Audrey Maximillian Herli - Riliv
East Ventures

Share

24 Mei 2023

EV-DCI

Riliv perluas akses kesehatan mental bagi seluruh masyarakat Indonesia

Tidak ada alasan kuat bagi Audrey Maximillian Herli untuk membiarkan perundungan menyebar, terutama setelah ia melihat teman-temannya di-bully karena membagikan cerita dan masalah pribadinya di media sosial.

Meluasnya penggunaan media sosial telah memungkinkan orang untuk berbagi cerita dan pengalaman pribadi mereka secara online, yang terkadang berakibat cyberbullying. Cyberbullying adalah masalah global yang terjadi ketika individu melecehkan, mengintimidasi, atau mengancam orang lain melalui platform digital, seperti media sosial, aplikasi pesan instan, atau forum online.

Di Indonesia, isu mengenai bullying dan cyberbullying telah beredar luas. Sebuah studi tahun 2019 yang dilakukan oleh Polling Indonesia bekerja sama dengan Asosiasi Penyelenggara Jasa Internet Indonesia (APJII) menyoroti bahwa 49% pengguna internet Indonesia pernah mengalami perundungan di media sosial.

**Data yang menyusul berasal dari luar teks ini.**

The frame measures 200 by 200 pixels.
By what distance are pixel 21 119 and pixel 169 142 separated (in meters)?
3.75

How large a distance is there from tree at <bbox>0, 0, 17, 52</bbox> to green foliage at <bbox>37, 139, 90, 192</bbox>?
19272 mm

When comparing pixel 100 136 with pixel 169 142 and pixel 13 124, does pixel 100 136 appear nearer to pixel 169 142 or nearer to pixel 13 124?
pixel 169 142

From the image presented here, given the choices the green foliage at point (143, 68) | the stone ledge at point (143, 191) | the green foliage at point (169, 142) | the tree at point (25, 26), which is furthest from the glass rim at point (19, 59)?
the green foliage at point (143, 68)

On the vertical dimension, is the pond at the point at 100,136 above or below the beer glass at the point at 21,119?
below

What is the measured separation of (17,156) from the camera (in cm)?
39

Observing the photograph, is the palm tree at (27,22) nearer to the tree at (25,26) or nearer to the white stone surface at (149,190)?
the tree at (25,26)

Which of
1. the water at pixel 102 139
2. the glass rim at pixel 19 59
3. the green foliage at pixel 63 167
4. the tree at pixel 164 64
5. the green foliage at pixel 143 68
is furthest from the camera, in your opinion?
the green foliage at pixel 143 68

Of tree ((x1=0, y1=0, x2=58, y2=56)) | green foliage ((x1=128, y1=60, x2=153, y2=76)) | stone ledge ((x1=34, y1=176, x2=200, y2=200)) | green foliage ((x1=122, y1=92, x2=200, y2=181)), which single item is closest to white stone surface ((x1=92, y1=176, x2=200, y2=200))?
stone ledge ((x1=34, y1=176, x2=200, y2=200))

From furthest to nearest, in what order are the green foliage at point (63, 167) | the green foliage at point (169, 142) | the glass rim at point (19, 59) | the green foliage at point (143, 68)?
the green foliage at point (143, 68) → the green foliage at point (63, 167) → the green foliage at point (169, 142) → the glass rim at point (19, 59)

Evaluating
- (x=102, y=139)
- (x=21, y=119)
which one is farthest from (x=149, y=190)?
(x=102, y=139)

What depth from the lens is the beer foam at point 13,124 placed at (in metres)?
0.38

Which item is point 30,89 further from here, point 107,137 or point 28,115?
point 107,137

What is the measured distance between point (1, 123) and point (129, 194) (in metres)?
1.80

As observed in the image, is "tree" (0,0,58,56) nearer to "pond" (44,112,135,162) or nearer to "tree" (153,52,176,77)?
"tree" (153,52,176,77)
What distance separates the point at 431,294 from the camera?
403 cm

Fenomena tersebut mendorong Maxi – sapaan akrabnya – untuk menyelesaikan masalah tersebut. Sebagai mahasiswa IT di Universitas Airlangga, Surabaya, pada tahun 2015, ia memutuskan untuk memberikan layanan konseling di kampus, agar mahasiswa dapat mengungkapkan perasaannya serta didengarkan.

Ia mencari mahasiswa psikologi yang dapat mendengarkan siapa saja yang menceritakan kekhawatiran dan memberikan respons tentang kesulitan emosional dalam suasana santai. Ia menyiapkan aplikasi untuk memfasilitasi layanan ini dan membiarkan teman kampusnya menggunakannya secara gratis.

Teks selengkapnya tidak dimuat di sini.